Em um movimento que traz esperança e liquidez a um ativo por muito tempo esquecido, o Tribunal de Justiça de Santa Catarina (TJSC) tem consolidado, por meio de uma série de decisões proferidas ao longo de 2024 e no primeiro semestre de 2025, o entendimento de que as antigas ações do Banco do Estado de Santa Catarina (BESC) e de sua subsidiária BESCRI são instrumentos válidos e idôneos para a garantia de execuções fiscais. A notícia, que reverbera nos corredores de escritórios de advocacia e contabilidade, reacendeu o interesse por esses papéis, criando um mercado aquecido e especializado, e oferecendo uma solução estratégica para empresas com passivos tributários.
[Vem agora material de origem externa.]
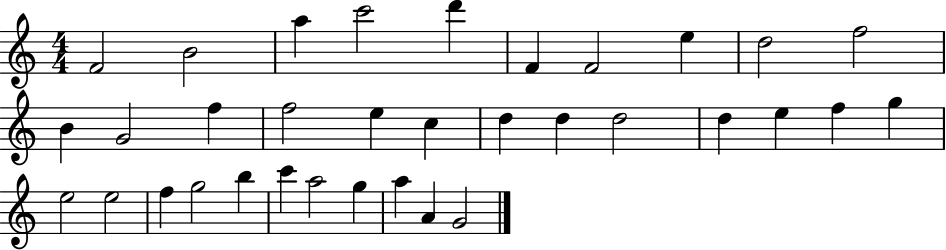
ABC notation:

Para milhares de catarinenses – herdeiros e acionistas originais que guardam as cautelas (os certificados físicos das ações) como uma relíquia familiar – esta tendência jurídica representa a transformação de um papel amarelado pelo tempo em um ativo financeiro com valor real. A aceitação judicial permite que devedores de tributos substituam a penhora de bens de alta liquidez, como imóveis, veículos e dinheiro em conta, pelas ações do antigo banco, preservando assim seu patrimônio e capital de giro. Esta dinâmica impulsionou a procura e, consequentemente, a valorização dos lotes de ações que ainda se encontram em posse da população.
A Tese Jurídica: O Sucessor Universal e o Princípio da Menor Onerosidade
O pilar que sustenta a validade jurídica desses papéis reside em dois conceitos fundamentais: a sucessão universal e o princípio da menor onerosidade ao devedor. Quando o Banco do Brasil (BB) incorporou o BESC em 30 de setembro de 2008, ele se tornou seu sucessor universal, o que significa que assumiu todos os seus ativos e, crucialmente, todos os seus passivos. As ações, por sua natureza, representam uma fração do capital social da empresa e, portanto, uma obrigação da companhia para com seus acionistas.
Com a incorporação, essa obrigação foi transferida integralmente para o Banco do Brasil. As ações do BESC passaram a ter seu valor e liquidez garantidos por uma das maiores e mais sólidas instituições financeiras da América Latina.
É com base nessa premissa que os advogados têm obtido êxito nos tribunais. A Fazenda Pública, seja ela municipal, estadual ou federal, frequentemente recusa a nomeação das ações à penhora, alegando baixa liquidez. Contudo, o TJSC tem rebatido essa alegação de forma consistente. A jurisprudência catarinense aponta que a recusa é injustificada, pois a garantia do Banco do Brasil confere aos títulos a liquidez necessária.
Adicionalmente, os magistrados têm aplicado o Artigo 805 do Código de Processo Civil, que consagra o princípio da menor onerosidade. O artigo estabelece que, “quando por vários meios o exequente puder promover a execução, o juiz mandará que se faça pelo modo menos gravoso para o executado”.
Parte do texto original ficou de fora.